Scraped caption text data:
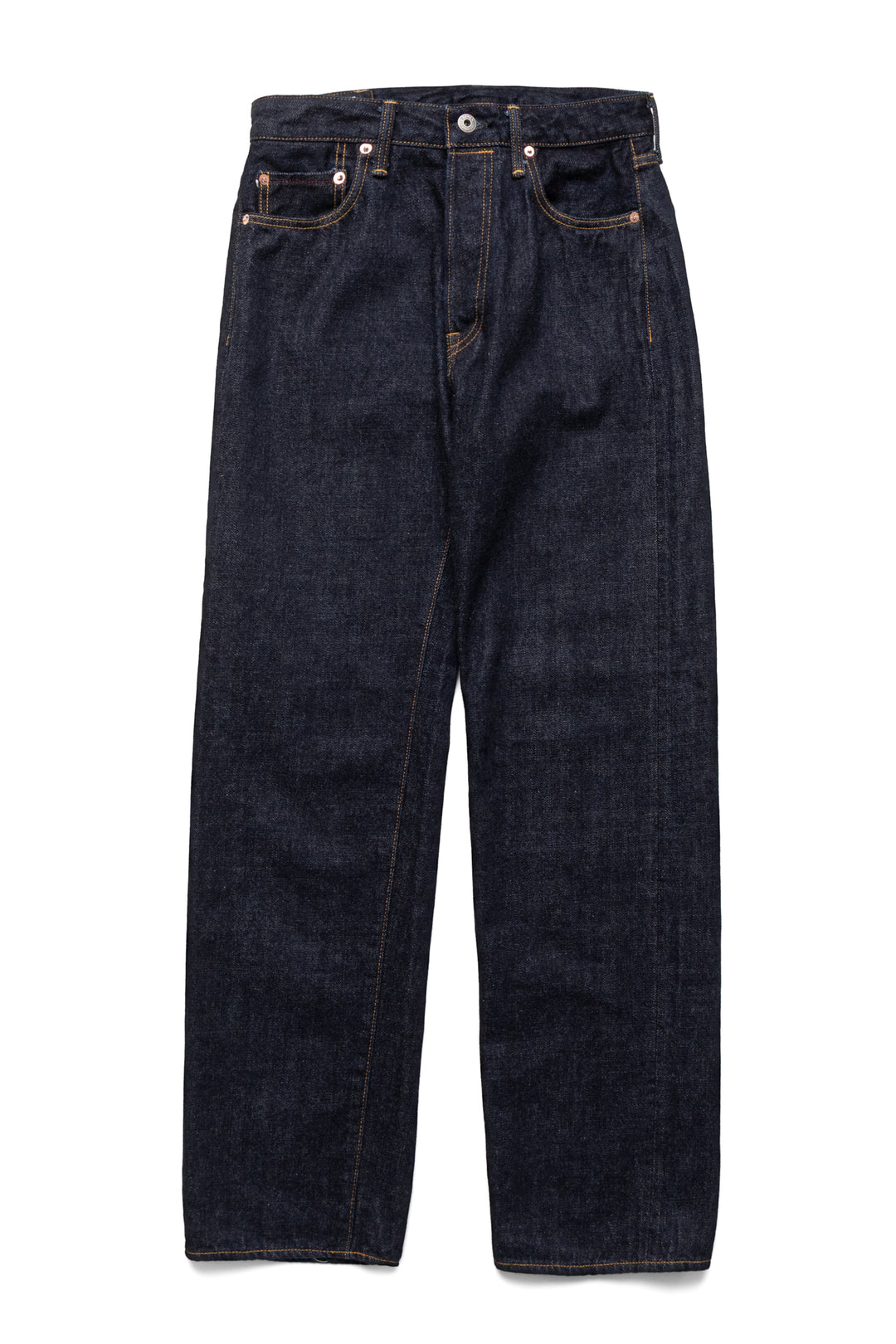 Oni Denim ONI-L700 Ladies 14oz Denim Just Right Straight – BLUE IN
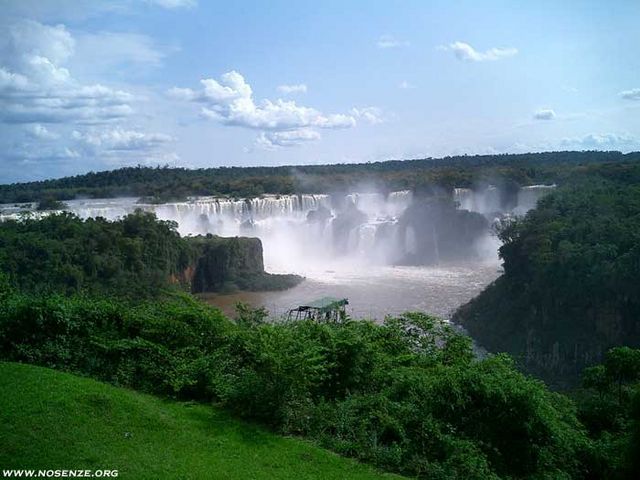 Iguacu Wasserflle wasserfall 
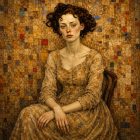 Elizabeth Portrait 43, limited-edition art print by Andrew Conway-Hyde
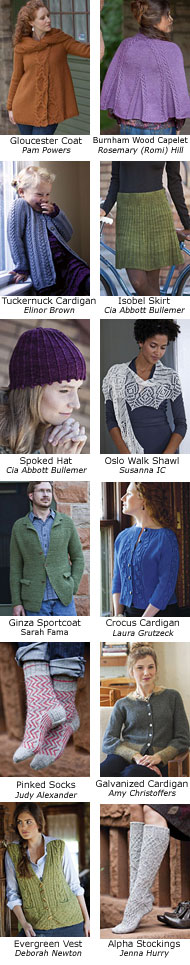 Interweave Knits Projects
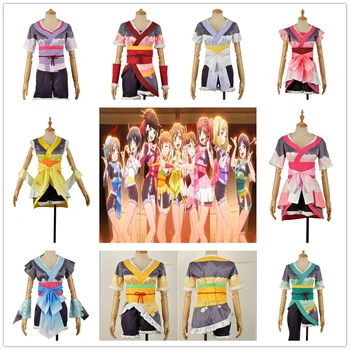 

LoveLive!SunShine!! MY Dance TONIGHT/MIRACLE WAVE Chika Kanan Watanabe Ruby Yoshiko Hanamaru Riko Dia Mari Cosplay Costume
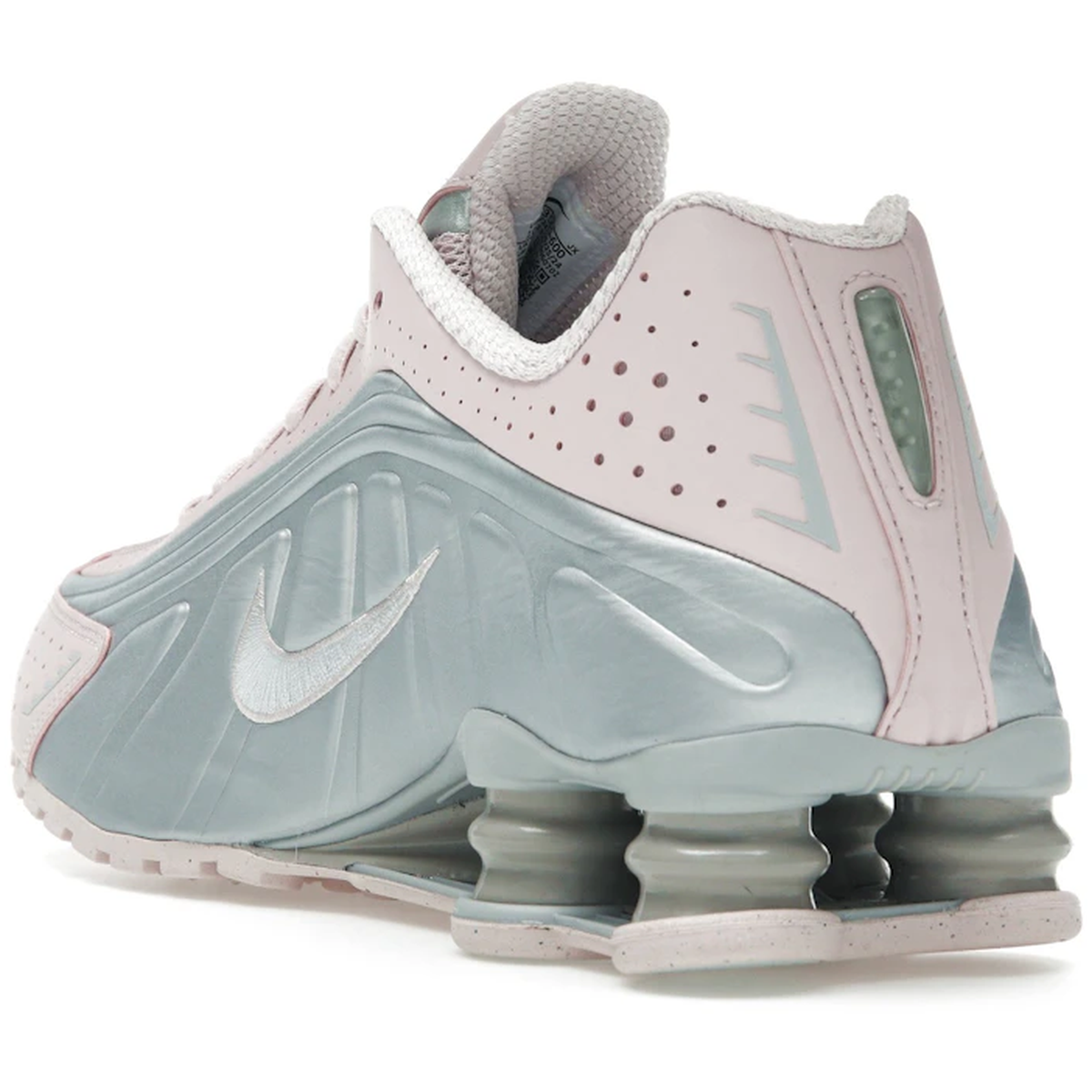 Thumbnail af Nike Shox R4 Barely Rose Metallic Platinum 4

Aim of the task:
Please print all the lines above exactly as given and leave out every picture.

Answer space:
 Oni Denim ONI-L700 Ladies 14oz Denim Just Right Straight – BLUE IN
 Iguacu Wasserflle wasserfall 
 Elizabeth Portrait 43, limited-edition art print by Andrew Conway-Hyde
 Interweave Knits Projects

LoveLive!SunShine!! MY Dance TONIGHT/MIRACLE WAVE Chika Kanan Watanabe Ruby Yoshiko Hanamaru Riko Dia Mari Cosplay Costume
 Thumbnail af Nike Shox R4 Barely Rose Metallic Platinum 4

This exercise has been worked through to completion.